_Work instructions_. Below are the records; extract from them the line containing "Clan MacPherson Blue" to the line containing "Kittens & Adult Cats", both lines included, exactly and with no pictures.

══ Data ══

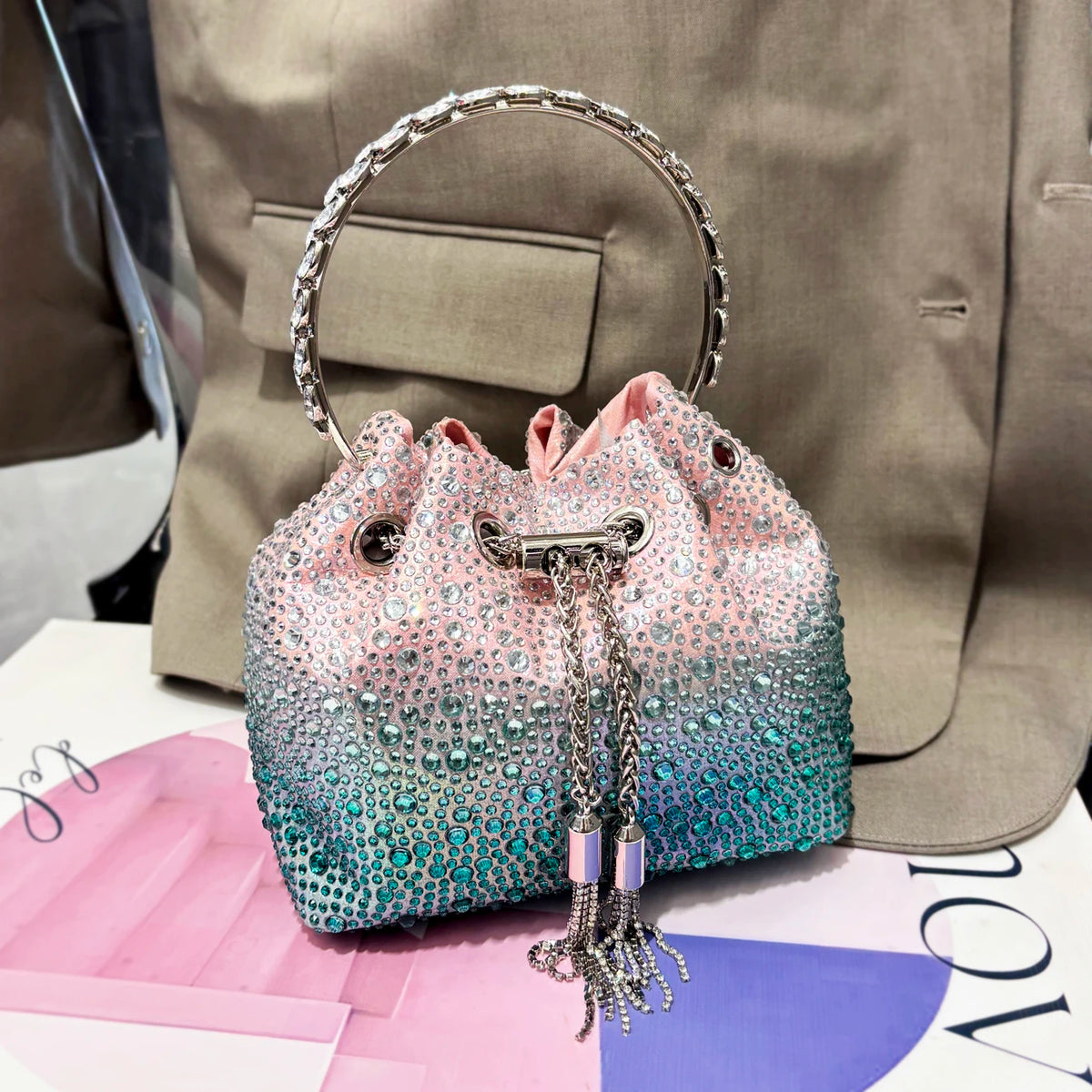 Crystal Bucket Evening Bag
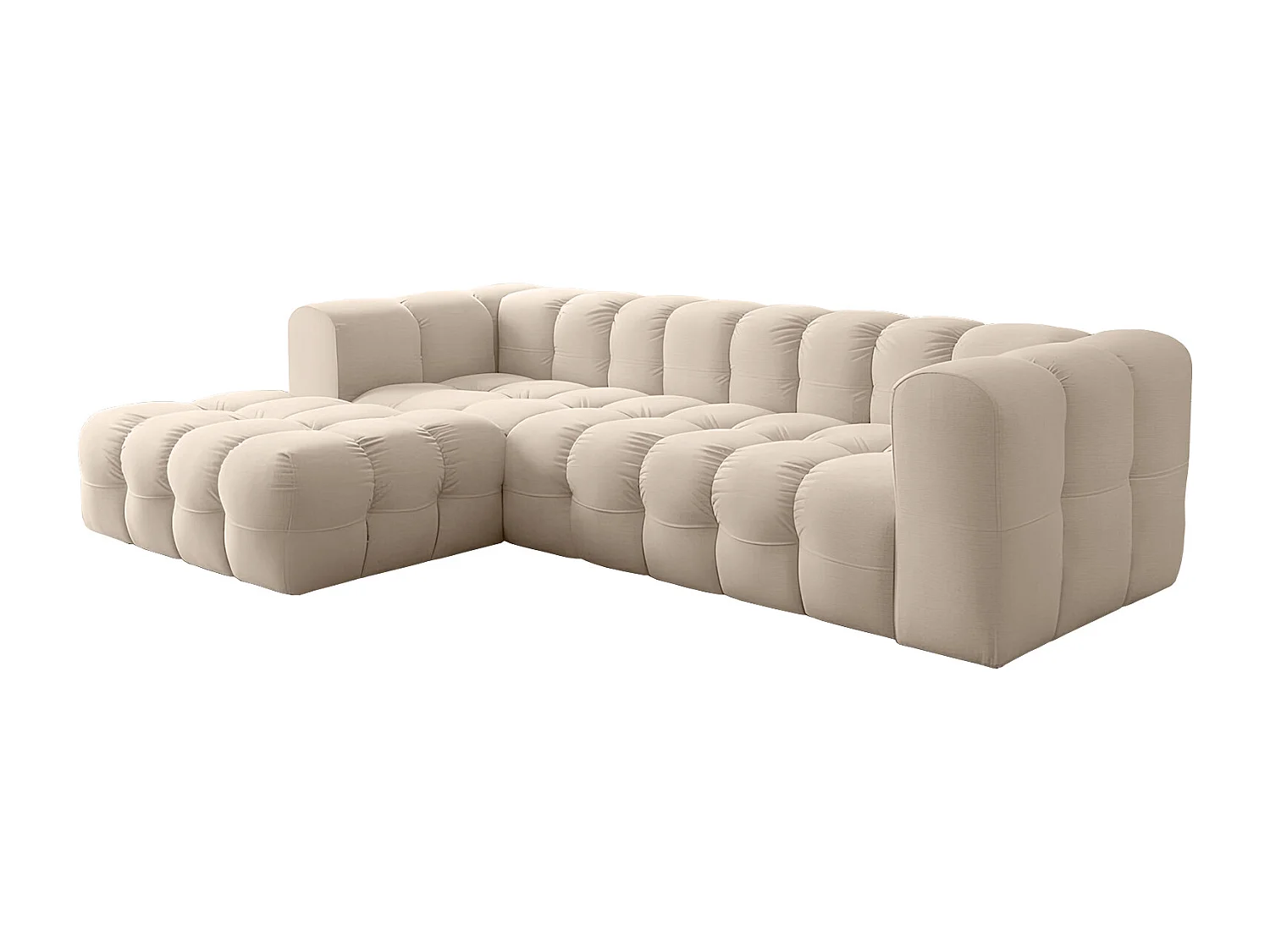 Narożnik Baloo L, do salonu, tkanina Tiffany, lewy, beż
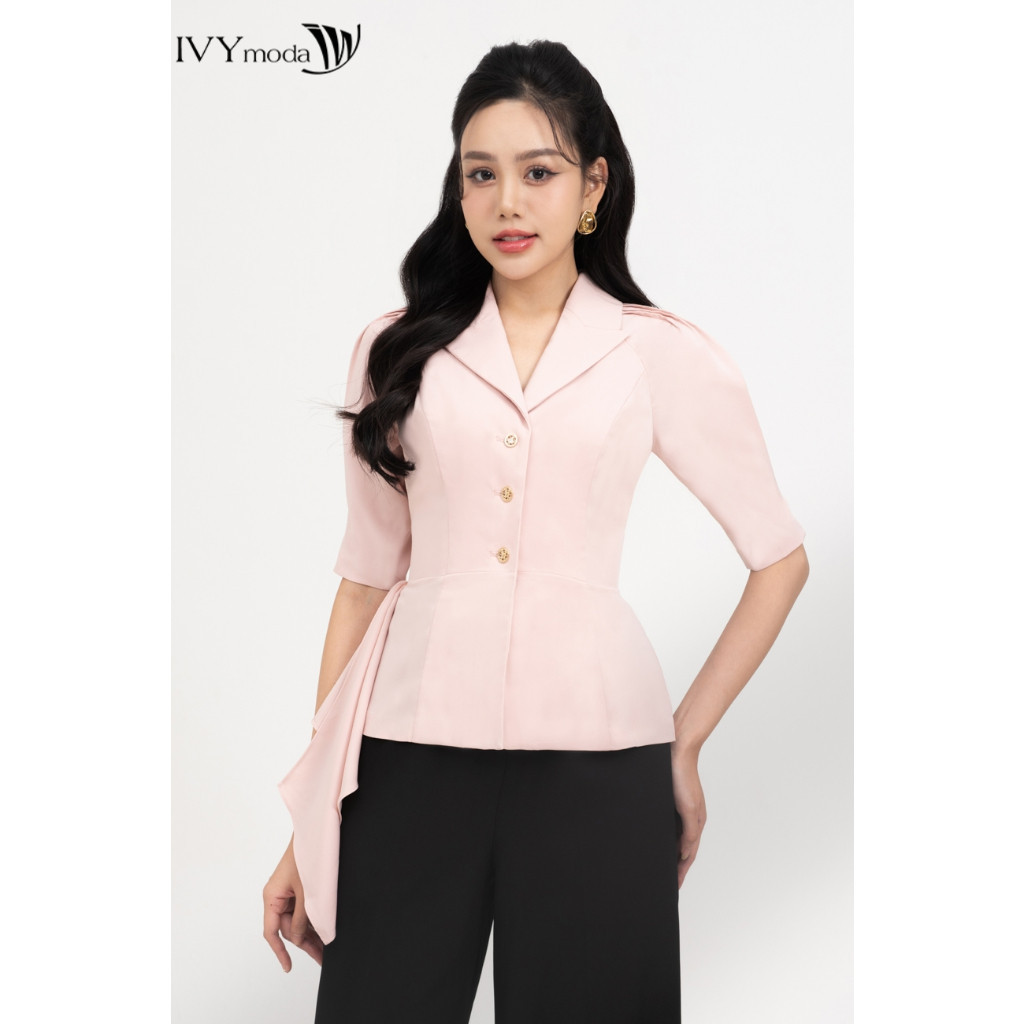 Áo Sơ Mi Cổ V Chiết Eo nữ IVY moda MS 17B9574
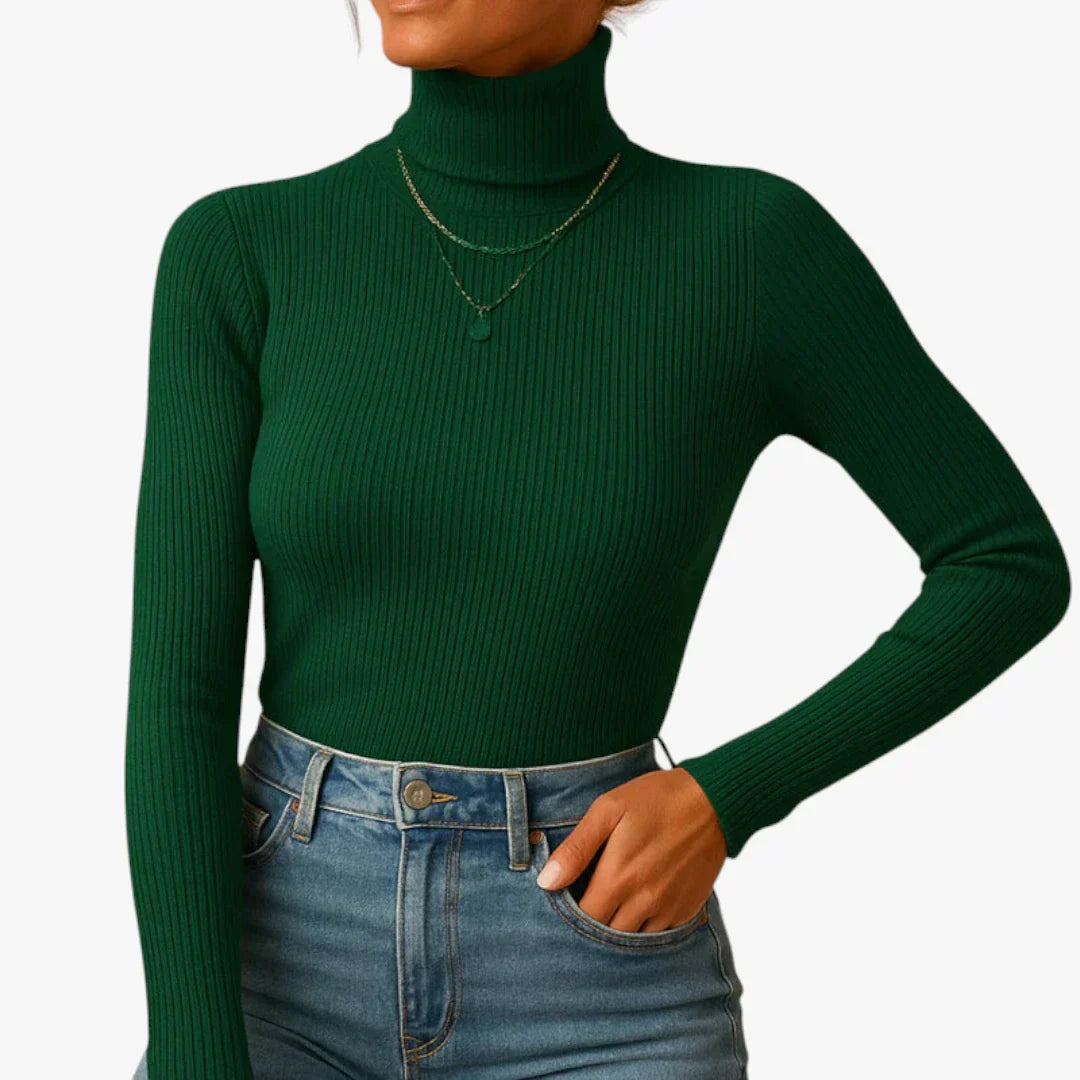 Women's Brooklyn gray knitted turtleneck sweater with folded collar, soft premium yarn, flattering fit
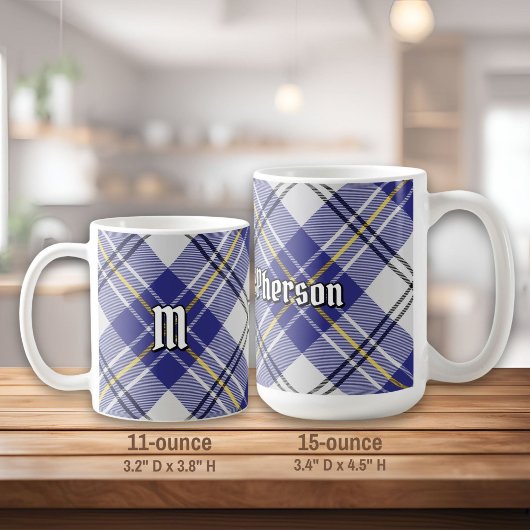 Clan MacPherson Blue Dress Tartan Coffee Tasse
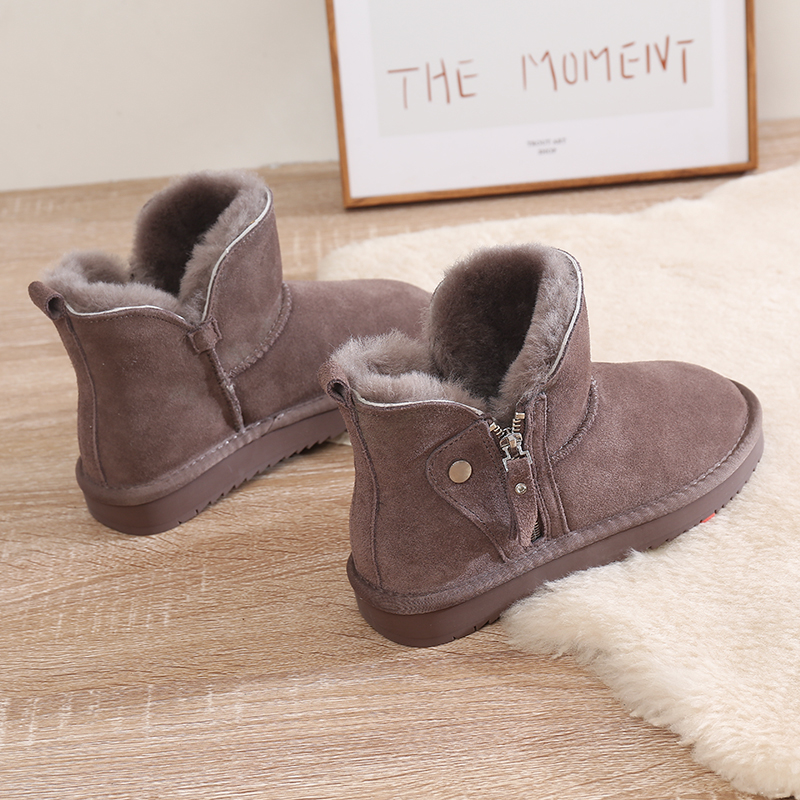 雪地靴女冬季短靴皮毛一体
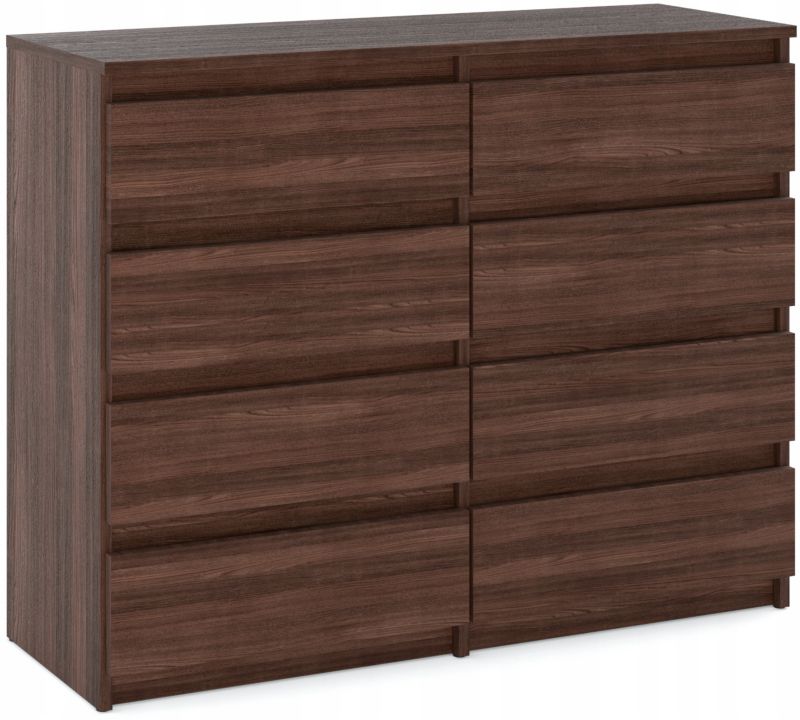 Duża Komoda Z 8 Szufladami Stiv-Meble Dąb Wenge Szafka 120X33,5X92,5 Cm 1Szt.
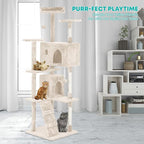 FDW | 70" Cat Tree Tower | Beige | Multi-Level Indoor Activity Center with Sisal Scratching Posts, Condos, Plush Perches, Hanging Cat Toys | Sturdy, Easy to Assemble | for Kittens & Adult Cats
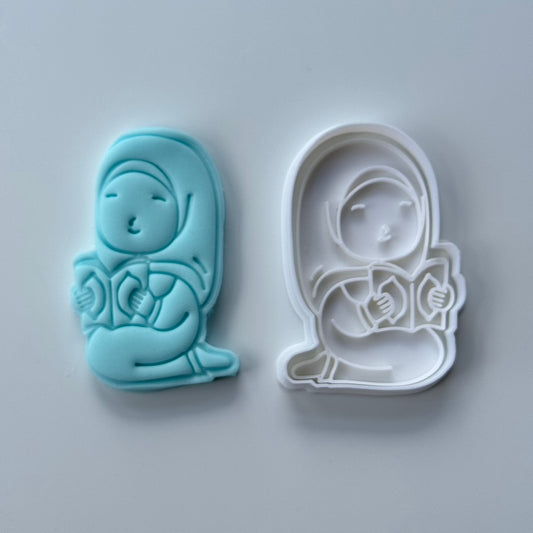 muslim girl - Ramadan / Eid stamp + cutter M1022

═══

_The answer_.
 Clan MacPherson Blue Dress Tartan Coffee Tasse
 雪地靴女冬季短靴皮毛一体
 Duża Komoda Z 8 Szufladami Stiv-Meble Dąb Wenge Szafka 120X33,5X92,5 Cm 1Szt.
 FDW | 70" Cat Tree Tower | Beige | Multi-Level Indoor Activity Center with Sisal Scratching Posts, Condos, Plush Perches, Hanging Cat Toys | Sturdy, Easy to Assemble | for Kittens & Adult Cats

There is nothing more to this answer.